It may seem as I have been lame in posting, but it truly isn't the case. I posted all July long - in my travel blog. If you don't know where it is, then I probably didn't tell you. But, I did tell my 300+ FB friends. LOL. It really is just pictures and commentary on my European work/vacation trip. That ended over a month ago you say? So, yes, I truly have been lamo in posting.
Since then, I've caught up on work - which is the most oober stressful place in the world and needs to be rectified eventually....when Boo stops sucking the money from my bank accounts. I've bought a new car - sucking some more money from my bank account. Been riding the motorcycle - yet another money suck. And trying to get the yard back from the jungle like state it ended up in during my 30% occupancy this summer. I'd hire me some yard boys for that task, except all the money has been sucked! Physical labor is good for me any way!
What? No man keeping my attention? There has been a parade but in general, each applicant has been turned down. I'm not sure if it is the repercussion from having been smitten by a man who pretended to be what he wasn't or if each applicant just wasn't up to par. I've met them in all the "right" ways...through friends or doing activities that I like/love. But after 3-4 dates, I'm bored and thinking up ways to avoid spending time with them. Also thinking things like, "his lips will never ever touch mine!" Yes, a couple of good looking guys actually revolt me. So, yeah, maybe it is the "after shock". I'm ready for it to be over.
I've made friends with a lovely man. he doesn't revolt me yet. But he hasn't even touched me yet. We talk on the phone, text and hang out. His ex-wife is crazy. Not crazy bitch jealous but literally borderline personality disorder crazy. I teased him about marrying a crazy woman....but I know, if a certain person had managed to hold his deception for a longer period of time, i could have ended up in a similar place. So I keep my ribbing to a minimum. I'm not sure if things will go anywhere with this lovely man nor that I want them to. So, I just let him take up some of my time and enjoy what we have.
I might say, my faith is close to non-existent these days. I know that probably isn't true. But I've lost hope that God has anything "wonderful" planned for me. I think His current plan for my life is pretty sucky. I know it could suck worse and I know that, if the right situation were to happen, I could end up saying, "oh it was so worth that shitty period I went through." But right now, I think His plan sucks and will let you know if I change my mind. I say I think my faith is wavering. But not really my faith in God. Just that He cares about making my life interesting/fun/worth living rather than just mere existence.
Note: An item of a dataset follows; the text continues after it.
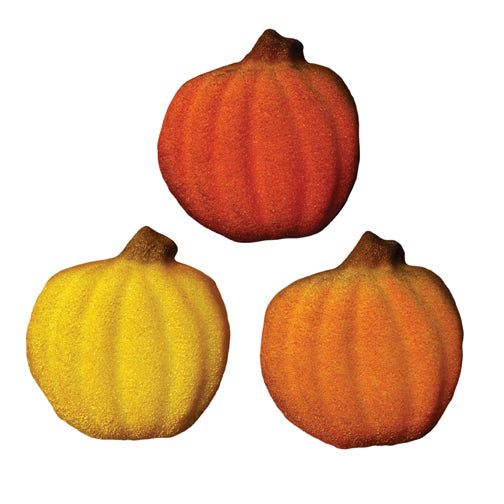 Three shimmering pressed sugar pumpkins in red, orange, and yellow with subtle sparkle and ridged detailing.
There are so many schools of thought on how much He interferes with/has planned for our lives, that I think I'm rejecting the last theory that I had. That rejections doesn't mean I won't try to live Christ-like or disbelieve what I've come to believe as right. But, it does mean that I've lost hope. I have friends that are holding that hope for me. And, that is the way I see Him blessing me. But other than that, I'm not to impressed with the big G these days.
So, perhaps, this is why I haven't been writing. Or perhaps, I need to write to get myself out of this. I can't really say one way or another. But, realizing this is probably one of the most mundane posts ever....well, it says something to me!